GRAND RAPIDS, Mich. — Michigan’s ban on so-called “ballot selfies” — the act of taking a picture of one’s marked ballot — cannot be enforced during the upcoming Nov. 8 general election, a federal judge ruled Monday.
The ruling issued Monday afternoon is a preliminary injunction ordering Michigan’s Secretary of State to not enforce the ban against photographing one’s own ballot or displaying a photo taken of a ballot outside of a polling place.
“The purpose of a preliminary injunction is merely to preserve the relative positions of the parties until a trial on the merits can be held,” according to the motion.
However, the secretary of state has asked the judge to freeze her order so it can file an appeal. If appealed, the Sixth Circuit Court of Appeals would have to agree to hear the case before Election Day in order to keep the ban from being enforced by the state.
Attorney Steve Klein with the Pillar of Law Institute, who filed the lawsuit on behalf of Crookston, called the judge’s decision a “powerful, but narrow ruling.”
“This does not mean Michigan voters can indiscriminately use cameras in polling places or take selfies. What they can do is, after they’ve marked their ballots in a voting booth, take a picture of it and post that photo online,” Klein said by email on Monday.

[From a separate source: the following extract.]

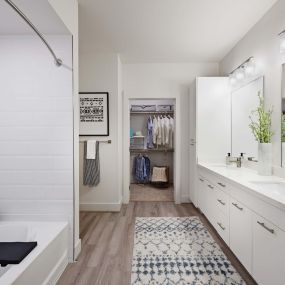 Contemporary Style bathroom with double sink, quartz countertops, hardwood-style flooring, bathtub shower combination, and walk-in closet.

“The case is not over, but to have this injunction before Election Day is a big step.”
Voters still cannot display marked ballots in the polling place, meaning they cannot hold them up to take a “selfie” alongside their marked ballot, he said.
The lawsuit, filed by Portage resident Joel Crookston on Sept. 9, challenges the restrictions on photographing marked ballots arguing it’s a violation of free speech.
In a response filed in October, the State called the suit a “self-created emergency,” claiming Crookston could not show the law is unconstitutional, while arguing a new, last-minute change to procedures would be “highly disruptive” in the state’s 4,800 precincts which could compromise a “fair and orderly election.”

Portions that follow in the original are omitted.